Qu’est-ce que cela veut dire être un être humain ?
Cette deuxième question tout aussi importante et concrète  concerne notre existence en tant qu’être humain vivant parmi  huit milliards d’humains sur une même planète. Dans le logiciel du monde d’après, la question ne sera pas seulement d’habiter le monde autrement, mais de l’habiter autrement ensemble.

Quel effet cela fait-il d’être un être humain ? avait demandé Le prix Nobel d’économie Amartya Sen, en ouverture du Troisième Forum sur le Développement humain, organisé à Paris en 2005 par le Président Jacques Chirac.

Pour cet économiste et philosophe indien, l’identité culturelle, le véritable fonctionnement démocratique et l’équité mondiale sont les notions-clés du « vivre ensemble ». Nul doute que ces questions soient à l’ordre du jour dans le logiciel du monde d’après.

Sa vision du développement humain consiste à percevoir les êtres humains en termes de bien-être et de liberté, ce qui diffère notablement d’une approche du développement qui se concentre sur les revenus, la richesse et les biens matériels des gens. En effet, pour lui comme pour de plus en plus d’économistes atterrés, le développement est d’abord humain ; et il s’inscrit dans une existence interactive.

C’est pour cela que les conditions de vie dans ce monde à la fois remarquablement prospère et parfaitement misérable devront être revues et corrigées. Comment sera-t-il encore possible – si nous devenons vraiment humains – de supporter que des millions d’enfants meurent de malnutrition et de maladies hydriques, que des millions d’adultes de pays dits pauvres, mais plein de richesses naturelles, soient en état de misère chronique, d’illettrisme, de maladie, de solitude, ou forcés à l’exil économique ou climatique, ou fuient des guerres liées à la volonté de puissance de dirigeants cruels ? Il sera sans doute nécessaire de s’insurger davantage pour changer ces états de fait inhumains du monde actuel.
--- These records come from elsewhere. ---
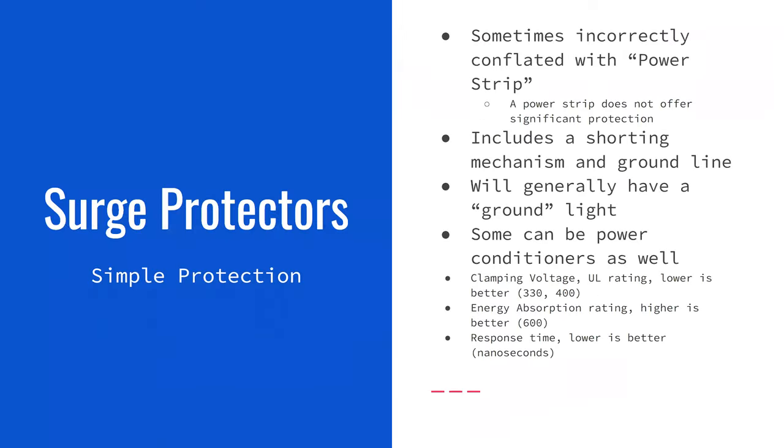I also want to mention power conditioning. Some surge protectors include it. If you have a printer that starts printing and you notice the lights flickering, or another device shows low power, or a computer makes a clicking noise indicating the power isn't clean — a power conditioner is very useful. It regulates dirty power and makes it clean. If any device turning on causes issues with your other devices, buying a surge protector with a power conditioner can be helpful.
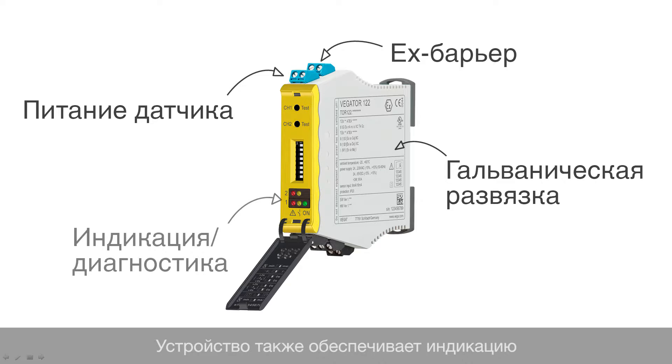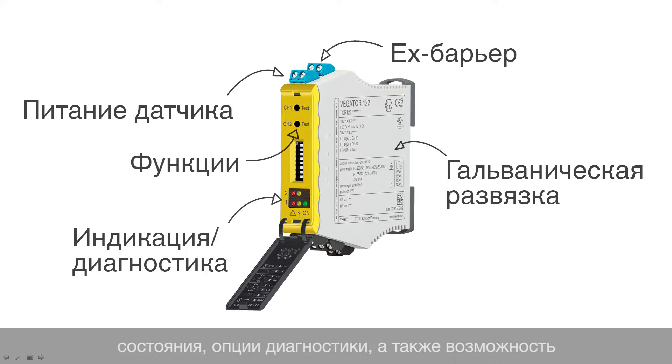The instrument also provides local display and diagnostic options, as well as additional functions such as the function test.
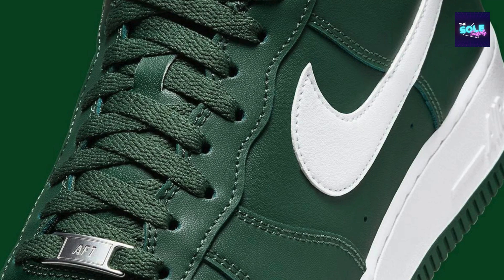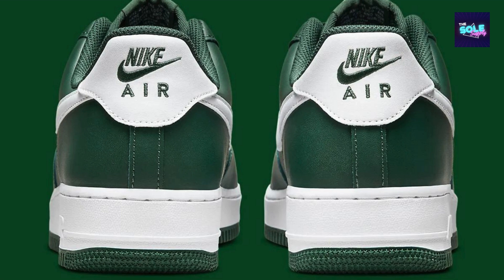Classic style: the Air Force One has been around for decades and is a staple in sneaker collections. It offers a timeless look that can be dressed up or down. Durability: the Air Force One is known for its tough construction, with a leather upper that can withstand wear and tear.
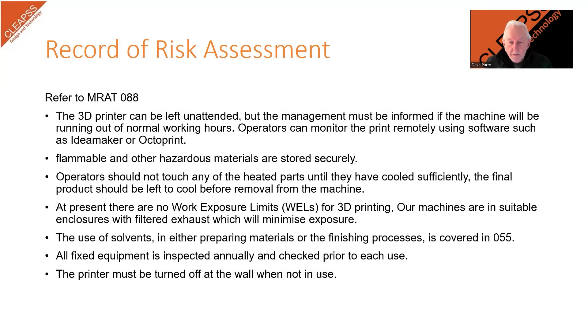In our video describing how to carry out and record risk assessments, we explained the use of a spreadsheet to record the important control measures from the MRAT, and how to use that information to inform the user and to help when teaching pupils. The text on this slide is taken from our record of our risk assessment for using the 3D printer in our facility.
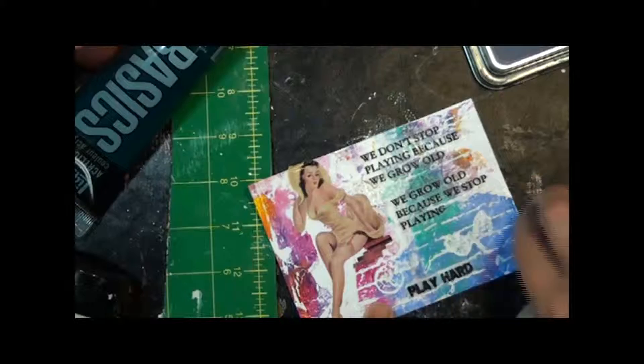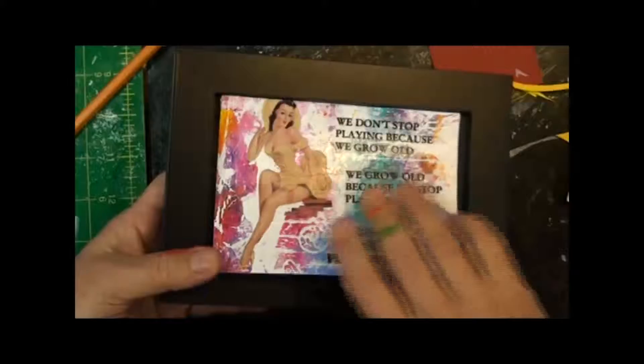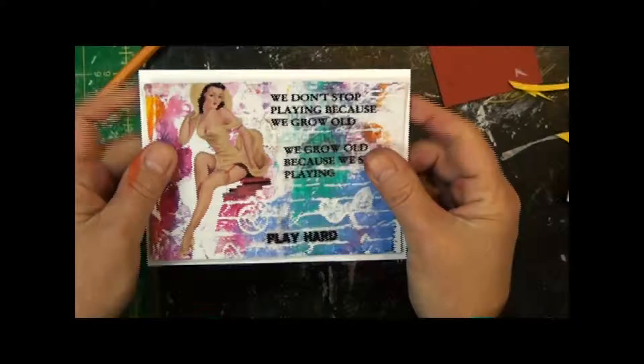Then I'll set this aside to dry. Once this is dry, we can do whatever we want with this collage. We could put it in a frame — this is a frame I got at the dollar store. It's just a plain black frame, and that would look really nice on somebody's desk. Or I can go ahead and make a card out of this just by mounting it onto a card base. What a fabulous card that would make.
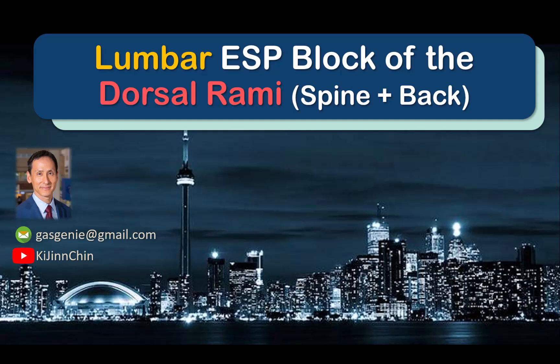This video describes how to perform a lumbar ESP block for back pain and spine surgery. The concept and relevant anatomy are described in another video which is linked in the description.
La liberté de choisir son identité culturelle, le renouvellement de la vision démocratique, l’instauration d’un gouvernement de la discussion, le rôle du citoyen dans son pays, et sa compréhension de lui-même en tant que membre de l’humanité, ces questions devront être posées et traitées. De même que la question de la distribution des richesses sur le plan national comme international, ainsi que le problème des inégalités qui est au cœur des affrontements relatifs à la mondialisation. Toutes ces questions devront être reconsidérées.

Il ne faut pas oublier que ces contraintes et ces inégalités sont le fruit d’une idéologie de la domination qui sera difficile à anéantir. Tacite, sénateur dans un empire romain assoiffé de conquêtes, avait noté dans ses mémoires écrites au premier siècle de notre ère que « le désir de dominer est une passion dévorante qui étouffe tout sentiment ».

Alliance du sentiment et de la raison
Il faudra alors redonner au sentiment sa juste place, sa véritable portée, à savoir sa dimension de respect, de désir de justice et d’équité entre tous. C’est peut-être le sens que voulait donner André Malraux à cette phrase qui lui a été attribuée : le XXIe siècle sera spirituel ou ne sera pas. Autre sujet de réflexion qu’il faudra certainement approfondir, mais dont on peut percevoir déjà certaines directions.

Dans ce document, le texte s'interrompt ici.